Thanks guys. I got a recommendation from the owner of the fly shop I guide out of. I booked with Marco Ruz of Yucatan Fly Fishing Adventures. All contact is though Flywatertravel.com . They sent a complete itinerary that included every little detail you can think of. Flies to bring (If you want), rods, different types of line recommendations, and even what tip ranges one should use. I'm impressed with the organization and professionalism. 


We'll be doing the Isle Blanca trip. They'll pick us up at our resort and drive us a half hour to the boat. The mangroves and lagoon is a very short boat trip. Well be targeting baby tarpon mostly. Add in some bone fish and snook. I'll let you all know how the trip goes.


----------



## ramjet (Dec 19, 2003)

If you're bringing your own gear and want a fun few hours, there are barracuda in the Cancun lagoon. I had pretty decent success with some needlefish flies I tied (wire leader of course). Clouser Minnows (Chart/Wht) worked as well. Fish with a fast retrieve near the breaks in bottom cover, like the places where the weeds change and there's a spot of sandy bottom surrounded by weeds.

It's kind of fun (or at least interesting..) doing a Catch and Release sitting in a 12 foot kayak with a PO'd barracuda looking you right in the eye.
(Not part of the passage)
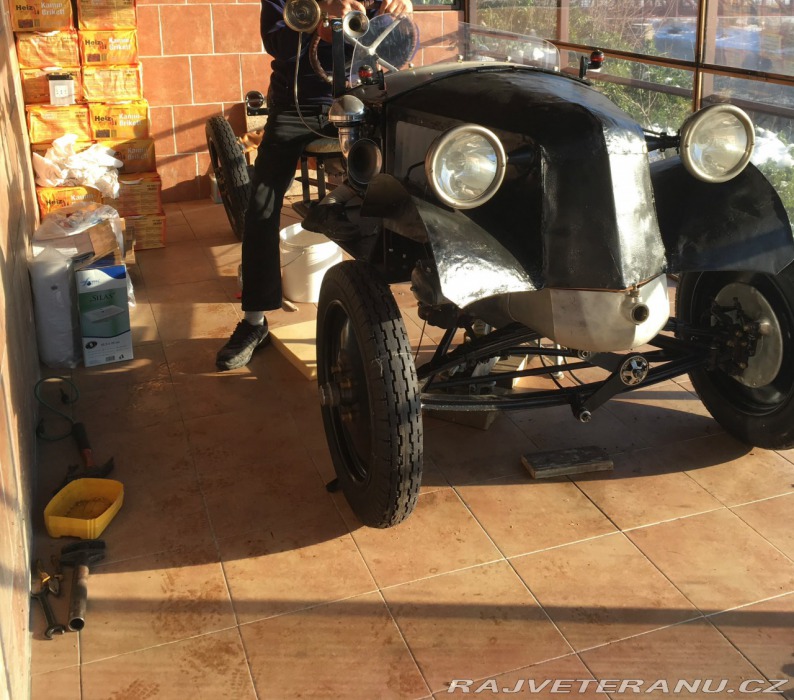 Tatra 12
It often starts to get windy later in the day. For that and other reasons (was usually on a flight leaving that afternoon), I tried to get out as early as the kayak guy was open (I'd make arrangements the day before). After a couple of these adventures, I actually made a small "sea anchor" that I could pitch out after I hooked a fish to stabilize the yak, turn my back to the wind and slow my progress while I unhooked fish.
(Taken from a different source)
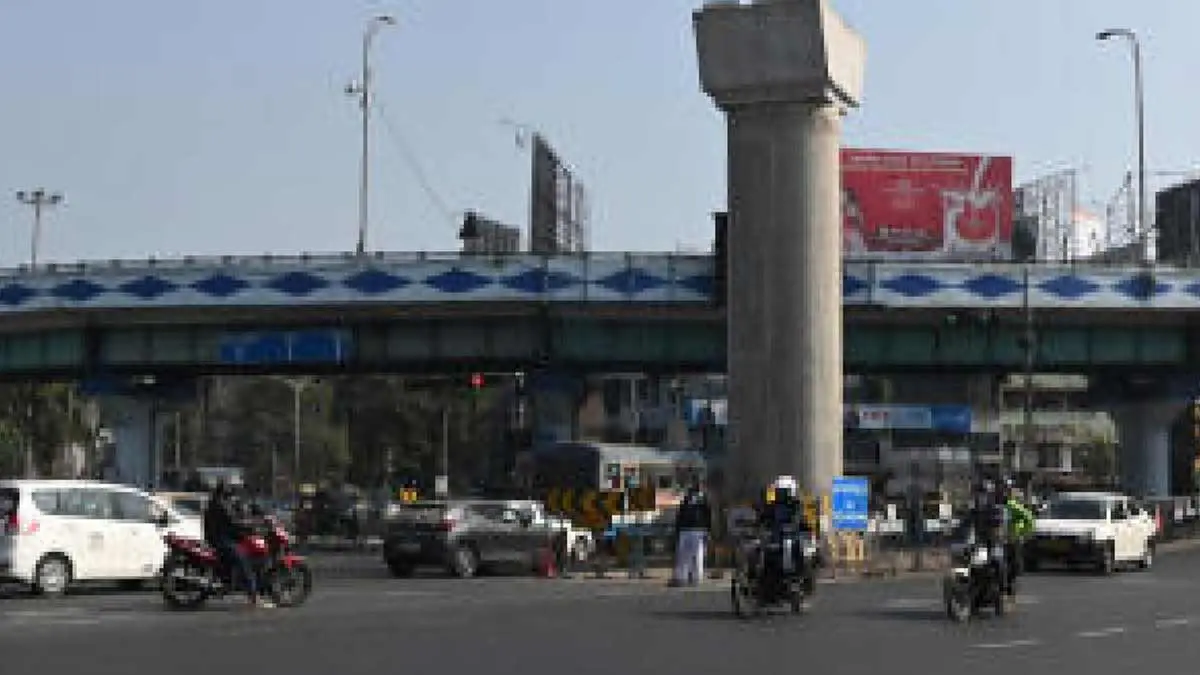 chingrighata-metro-delay-366-meters-state-centre-conflict-shamik-bhattacharya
Have a great trip, good time to get out of the 'Zoo and thaw out!





WILDCATWICK said:


> Thanks guys. I got a recommendation from the owner of the fly shop I guide out of. I booked with Marco Ruz of Yucatan Fly Fishing Adventures. All contact is though Flywatertravel.com . They sent a complete itinerary that included every little detail you can think of. Flies to bring (If you want), rods, different types of line recommendations, and even what tip ranges one should use. I'm impressed with the organization and professionalism.
> 
> 
> We'll be doing the Isle Blanca trip. They'll pick us up at our resort and drive us a half hour to the boat. The mangroves and lagoon is a very short boat trip. Well be targeting baby tarpon mostly. Add in some bone fish and snook. I'll let you all know how the trip goes.


----------



## Fishndude (Feb 22, 2003)

Make sure to confirm your reservation a week before you go, and again when you arrive. Just in case........


----------